**About this exercise:**
Repeat the data exactly, leaving out any image.

━━━

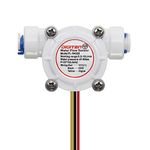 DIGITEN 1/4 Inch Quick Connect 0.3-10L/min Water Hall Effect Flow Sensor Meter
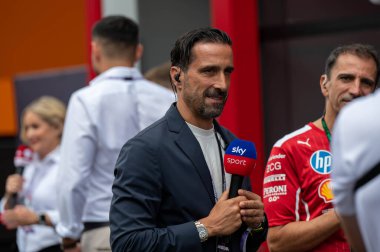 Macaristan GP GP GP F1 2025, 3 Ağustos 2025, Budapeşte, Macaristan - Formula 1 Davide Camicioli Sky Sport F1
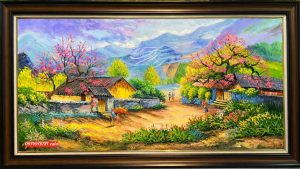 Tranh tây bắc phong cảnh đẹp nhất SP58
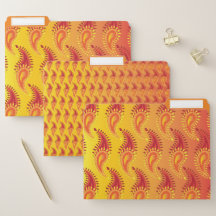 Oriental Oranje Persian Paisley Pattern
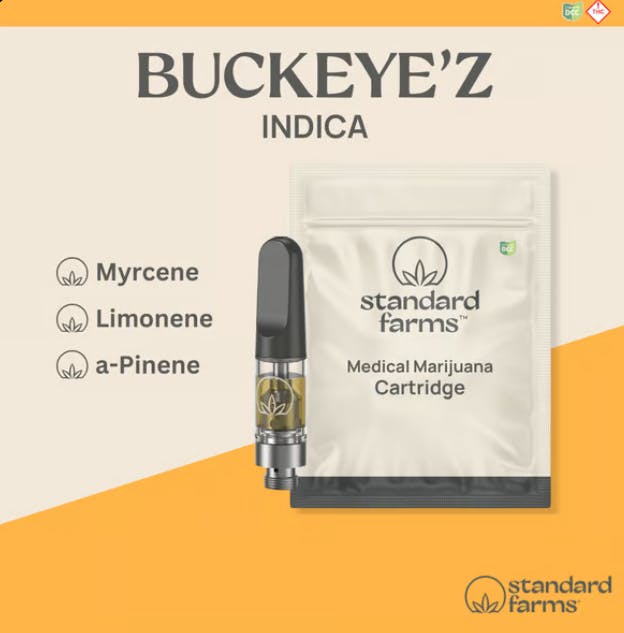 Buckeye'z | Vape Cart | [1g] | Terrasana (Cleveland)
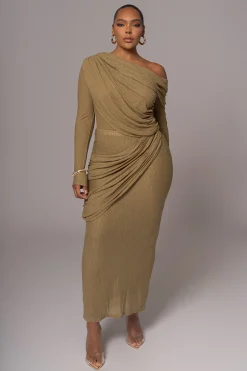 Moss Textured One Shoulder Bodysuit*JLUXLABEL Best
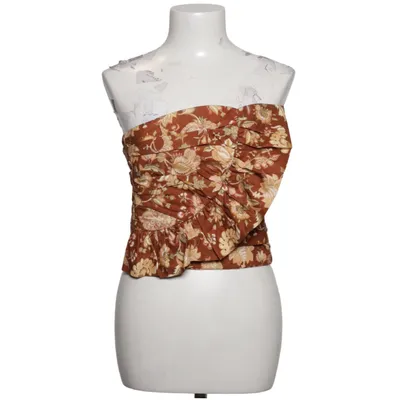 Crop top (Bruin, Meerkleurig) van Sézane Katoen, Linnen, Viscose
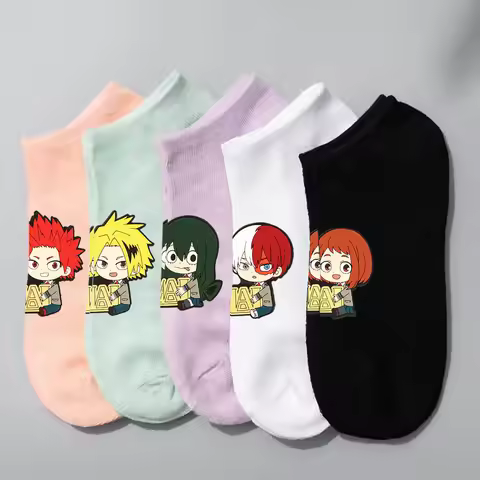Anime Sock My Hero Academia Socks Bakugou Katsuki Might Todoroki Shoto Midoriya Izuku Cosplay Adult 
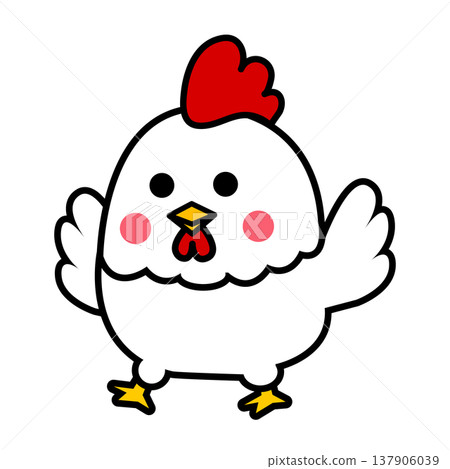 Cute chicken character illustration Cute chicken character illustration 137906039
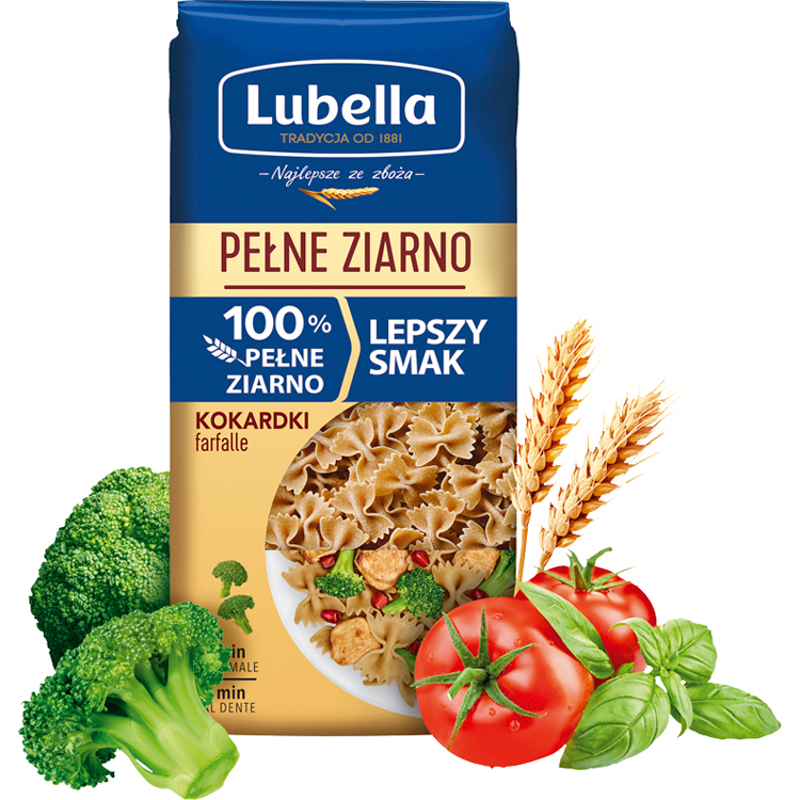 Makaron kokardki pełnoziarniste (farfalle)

━━━

**Result for this task:**
 DIGITEN 1/4 Inch Quick Connect 0.3-10L/min Water Hall Effect Flow Sensor Meter
 Macaristan GP GP GP F1 2025, 3 Ağustos 2025, Budapeşte, Macaristan - Formula 1 Davide Camicioli Sky Sport F1
 Tranh tây bắc phong cảnh đẹp nhất SP58
 Oriental Oranje Persian Paisley Pattern
 Buckeye'z | Vape Cart | [1g] | Terrasana (Cleveland)
 Moss Textured One Shoulder Bodysuit*JLUXLABEL Best
 Crop top (Bruin, Meerkleurig) van Sézane Katoen, Linnen, Viscose
Anime Sock My Hero Academia Socks Bakugou Katsuki Might Todoroki Shoto Midoriya Izuku Cosplay Adult 
 Cute chicken character illustration Cute chicken character illustration 137906039
 Makaron kokardki pełnoziarniste (farfalle)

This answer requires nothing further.